Li guardava in faccia come aveva
fatto altre volte, mentre in silenzio faceva tornare a casa i
nostri concittadini finiti nelle mani di briganti o terroristi.
Lasciamo fuori la politica, però, e
celebriamo l’uomo, un Poliziotto che ha lavorato tutta la sua vita
al servizio dello Stato, inchiodando trafficanti di droga,
esponenti della ‘Ndrangheta, di cui era un profondo conoscitore ed
un acerrimo nemico, e poi finendo allo SCO prima di essere
chiamato a dirigere i settori più importanti del Sismi, il
servizio segreto militare. Un organismo dove non si scherza, dove
per essere accetto, il Poliziotto, un uomo che non è un militare,
ha dovuto dimostrare il suo talento, risalendo la scala gerarchica
fino ad arrivare ai vertici del Servizio. Il premier Silvio
Berlusconi ed uno dei rappresentanti della sua Opposizione più
accesa, il direttore de Il Manifesto Gabriele Polo, giornale per
cui Giuliana lavora, hanno usato – con modi diversi – parole di
grandissimo dolore e di grande rispetto per l’ultimo gesto di un
poliziotto che è stato in missione tutta la vita, e che è stato
pronto a tutto pur di concludere la sua missione. Anche Polo, in
un attimo di commozione davanti alle telecamere, ha ammesso che
“Nicola”, era diventato un amico per lui e per tutta la redazione.
Il Negoziatore aveva garantito che l’ostaggio sarebbe tornato a
casa, e la fiducia di cui godeva aveva disteso il clima della
famiglia e del Governo stesso.
Ironia della sorte, dopo essere
scampato al fuoco nemico degli AK47, dopo aver visto brandire
scimitarre che mimavano minacciose il taglio della sua testa,
Nicola Calipari è rimasto vittima di un “agguato amico”, nel quale
il suo braccio destro, un ufficiale del Carabinieri di cui non
conosceremo forse mai il nome, e la stessa Giuliana sono rimasti
feriti.
Ora non resta che “essere più
buoni”, smetterla per un poco di litigare sulla nostra pelle e
stringersi attorno alla famiglia di un uomo che vegliava su tutti
noi, senza pensare – come devono fare i poliziotti e i servitori
dello stato – senza distinzioni, anche da lontano, e che lontano
ha scelto di morire per farci tornare a casa.
E un tricolore alla finestra, non
potrà che fargli piacere, magari vicino all’iride della pace.

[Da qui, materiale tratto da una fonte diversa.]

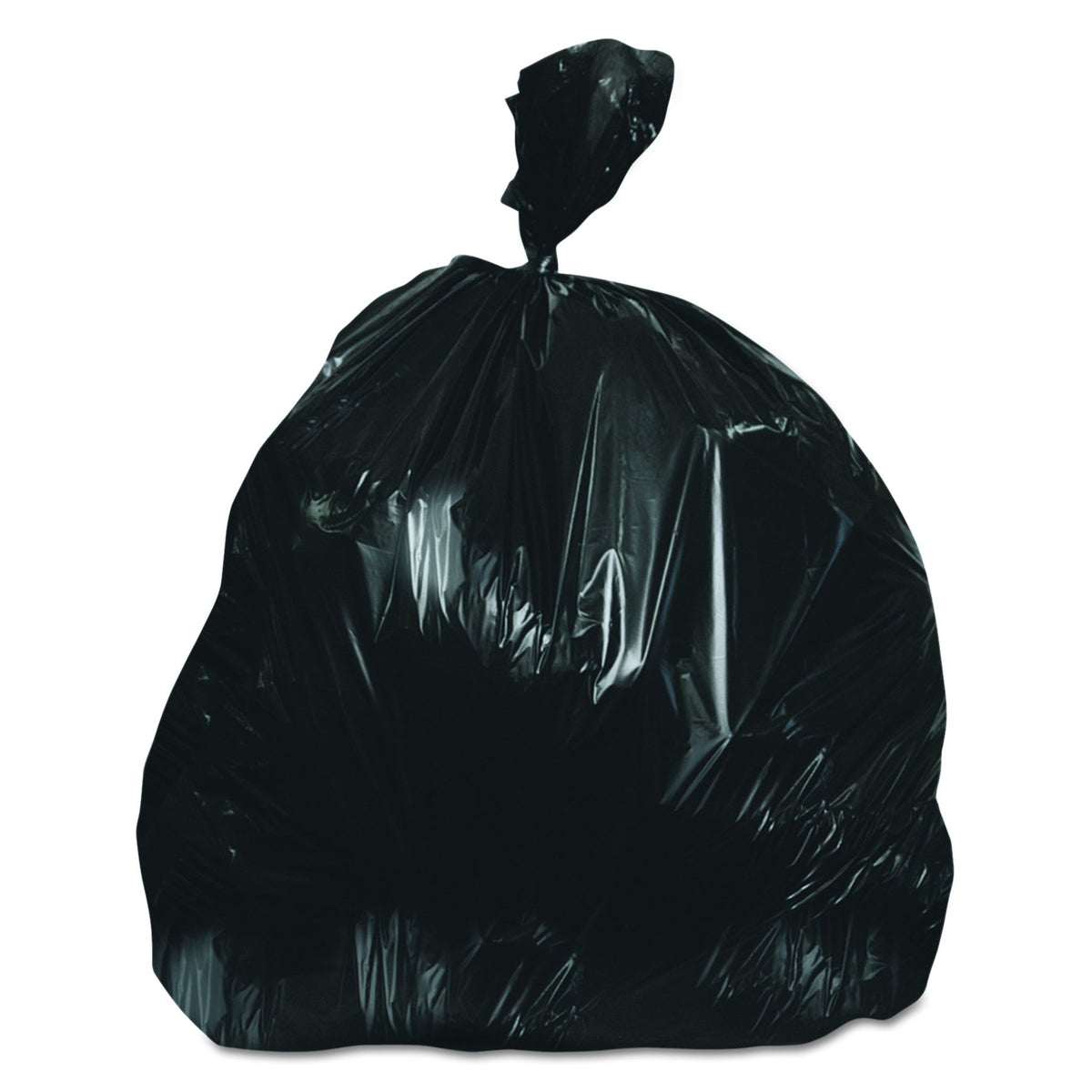 HERZ7660WKR01 - High-Density Coreless Can Liners by Heritage Products – 38 inches x 60 inches, 60.0 gallons, High-Density Polyethylene (HDPE), Blue, Pack of 150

Alla famiglia di Nicola Calipari, il
nostro deferente rispetto e il nostro profondo cordoglio. Agli
uomini e donne che come lui lavoravano per la nostra protezione,
per il nostro Paese, la nostra stima, la nostra riconoscenza, il
nostro profondo affetto. Ai giornalisti che rischiano la vita per
raccontarcela, la nostra grande e incondizionata solidarietà.